** Opening Exercise inputs block **

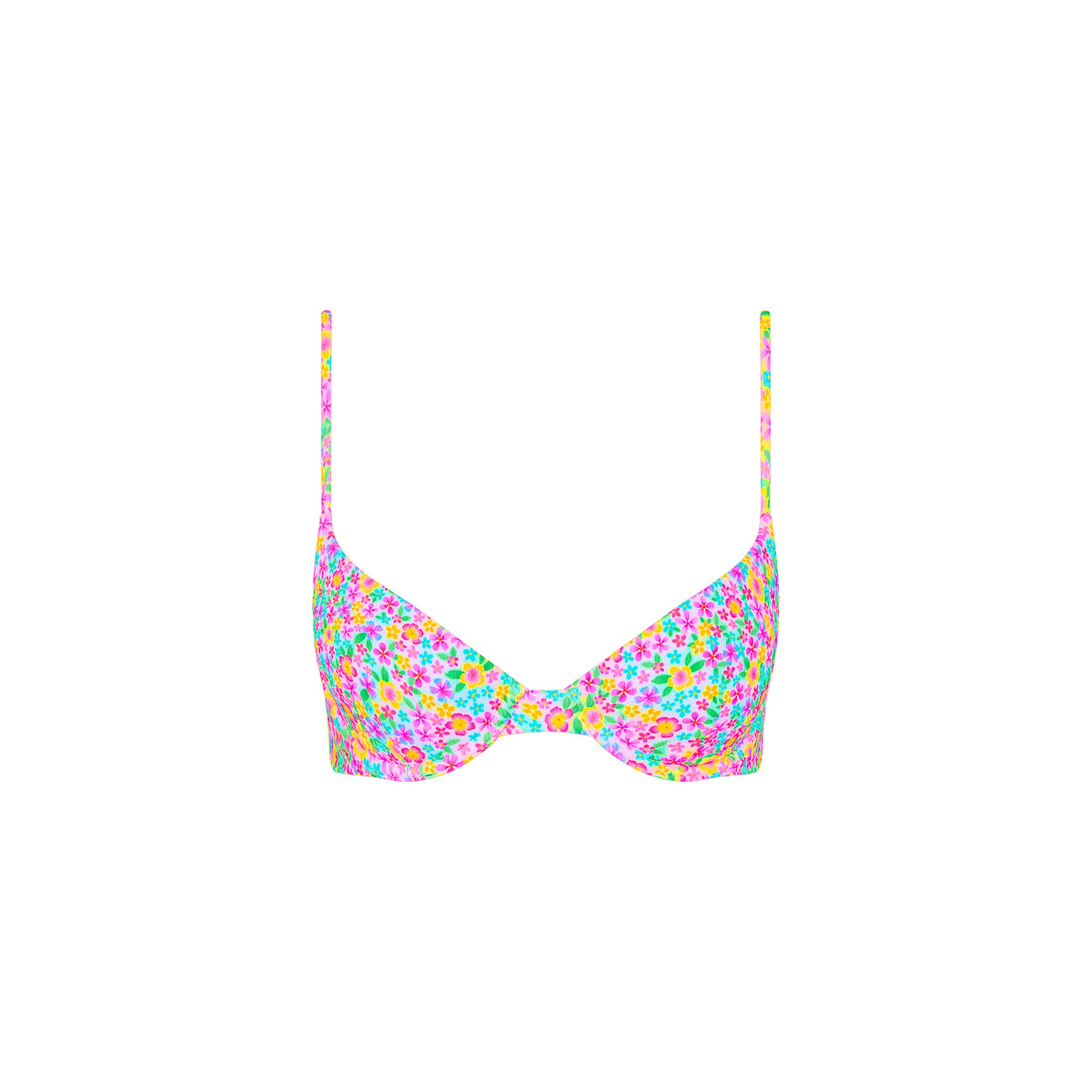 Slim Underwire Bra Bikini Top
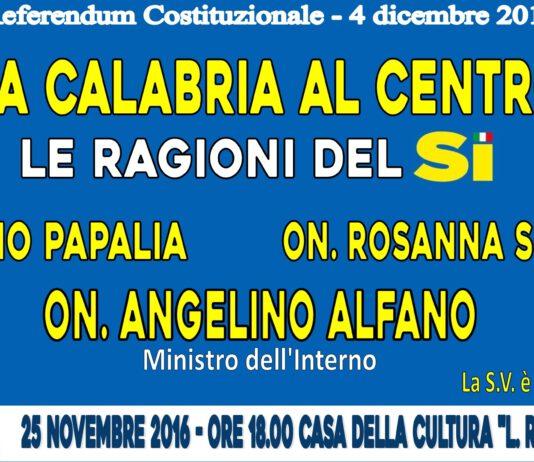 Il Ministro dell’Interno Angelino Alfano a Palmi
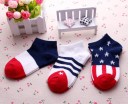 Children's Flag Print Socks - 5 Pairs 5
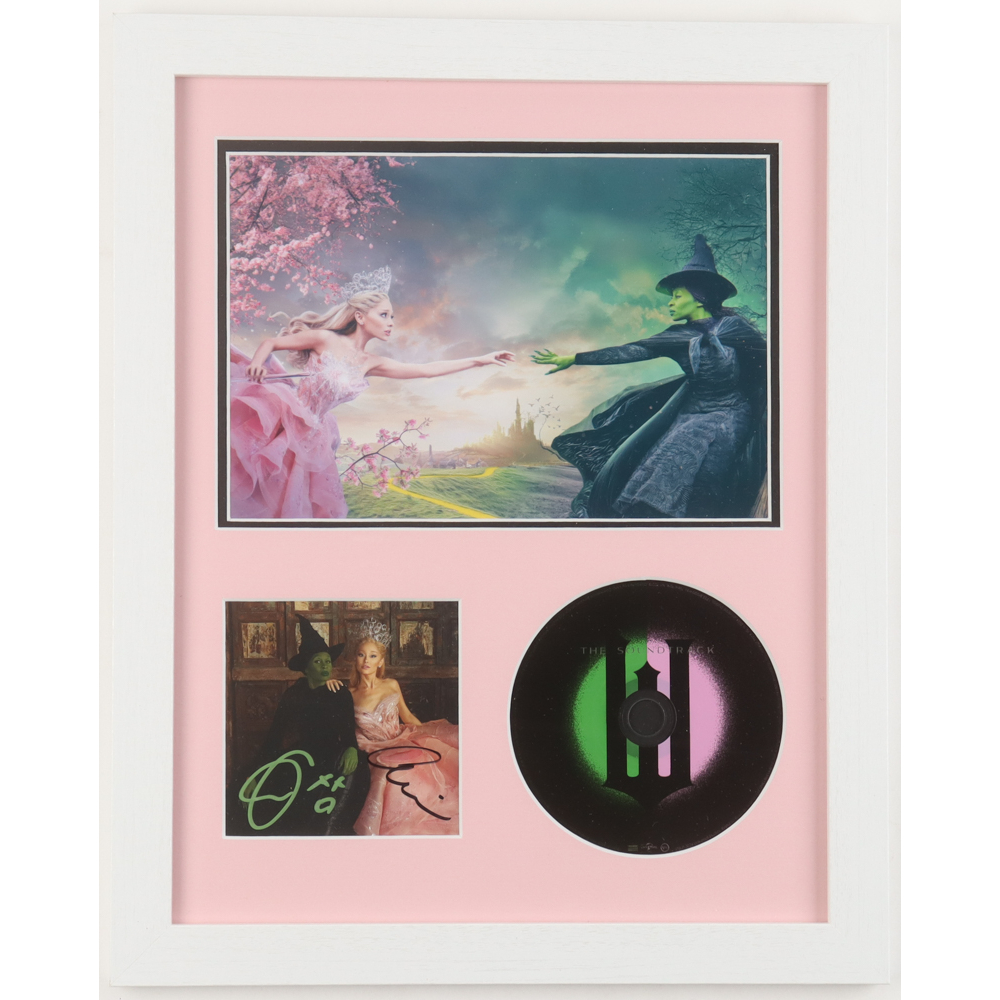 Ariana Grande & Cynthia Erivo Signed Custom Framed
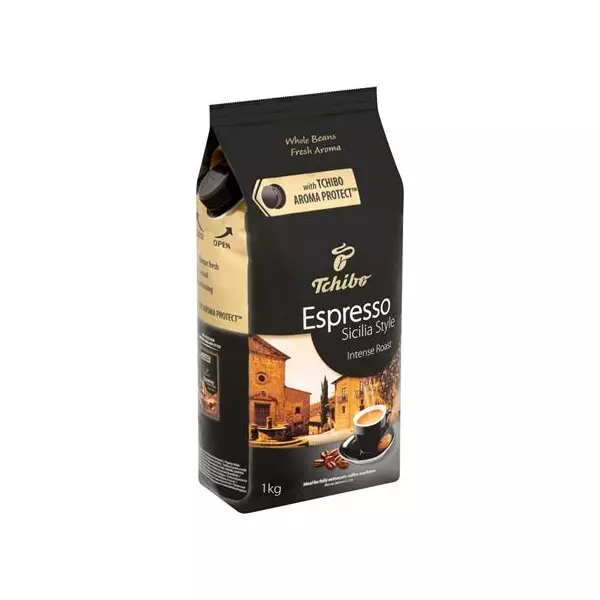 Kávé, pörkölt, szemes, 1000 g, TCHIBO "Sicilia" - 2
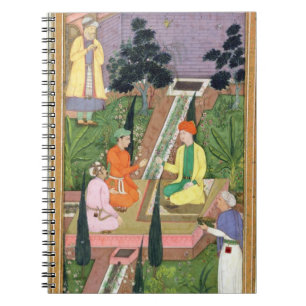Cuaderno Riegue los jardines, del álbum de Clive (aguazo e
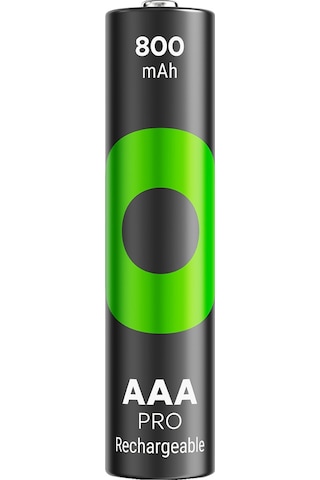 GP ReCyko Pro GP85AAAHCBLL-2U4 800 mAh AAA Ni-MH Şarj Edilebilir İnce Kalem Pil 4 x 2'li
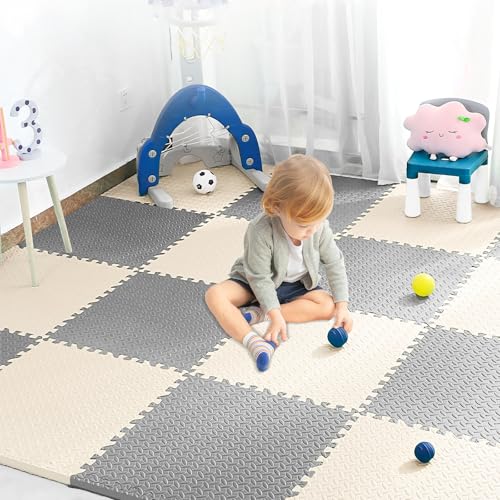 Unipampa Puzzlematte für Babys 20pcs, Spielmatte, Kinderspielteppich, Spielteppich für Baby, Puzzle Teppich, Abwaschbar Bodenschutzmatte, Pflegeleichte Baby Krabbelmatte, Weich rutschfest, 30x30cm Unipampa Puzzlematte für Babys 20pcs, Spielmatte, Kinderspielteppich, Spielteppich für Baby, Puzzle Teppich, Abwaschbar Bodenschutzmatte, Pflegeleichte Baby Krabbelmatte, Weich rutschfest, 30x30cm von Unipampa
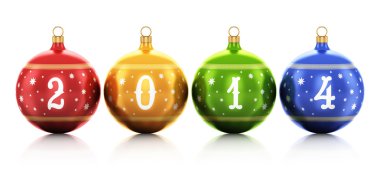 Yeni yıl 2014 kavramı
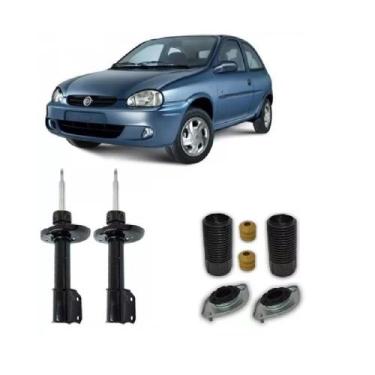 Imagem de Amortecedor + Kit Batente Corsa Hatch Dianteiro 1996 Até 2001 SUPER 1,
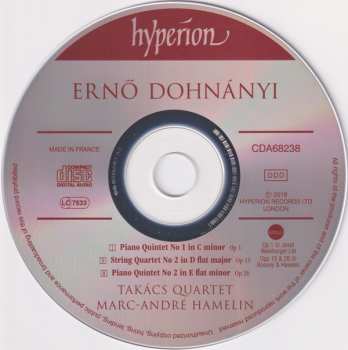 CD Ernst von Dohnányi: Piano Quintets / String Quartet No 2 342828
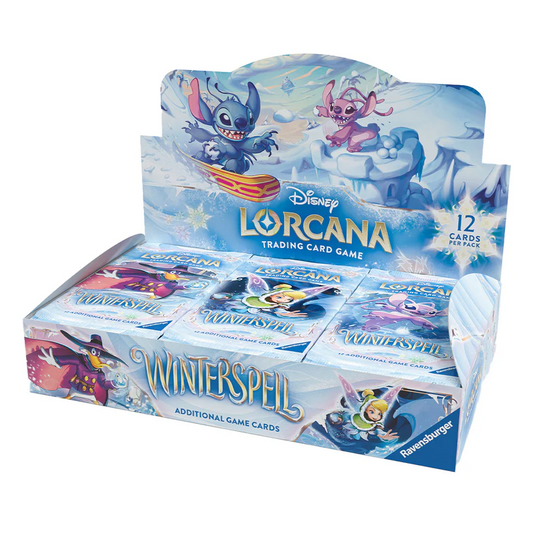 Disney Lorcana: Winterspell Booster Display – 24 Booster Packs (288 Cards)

** Closing Exercise inputs block **

[Exercise instructions]
Give again, word for word, each line from the one holding "Kávé, pörkölt, szemes, 1000" through the end of the entries, and leave out any picture.

[Response below]
 Kávé, pörkölt, szemes, 1000 g, TCHIBO "Sicilia" - 2
Cuaderno Riegue los jardines, del álbum de Clive (aguazo e
 GP ReCyko Pro GP85AAAHCBLL-2U4 800 mAh AAA Ni-MH Şarj Edilebilir İnce Kalem Pil 4 x 2'li
 Unipampa Puzzlematte für Babys 20pcs, Spielmatte, Kinderspielteppich, Spielteppich für Baby, Puzzle Teppich, Abwaschbar Bodenschutzmatte, Pflegeleichte Baby Krabbelmatte, Weich rutschfest, 30x30cm Unipampa Puzzlematte für Babys 20pcs, Spielmatte, Kinderspielteppich, Spielteppich für Baby, Puzzle Teppich, Abwaschbar Bodenschutzmatte, Pflegeleichte Baby Krabbelmatte, Weich rutschfest, 30x30cm von Unipampa
 Yeni yıl 2014 kavramı
 Imagem de Amortecedor + Kit Batente Corsa Hatch Dianteiro 1996 Até 2001 SUPER 1,
 CD Ernst von Dohnányi: Piano Quintets / String Quartet No 2 342828
 Disney Lorcana: Winterspell Booster Display – 24 Booster Packs (288 Cards)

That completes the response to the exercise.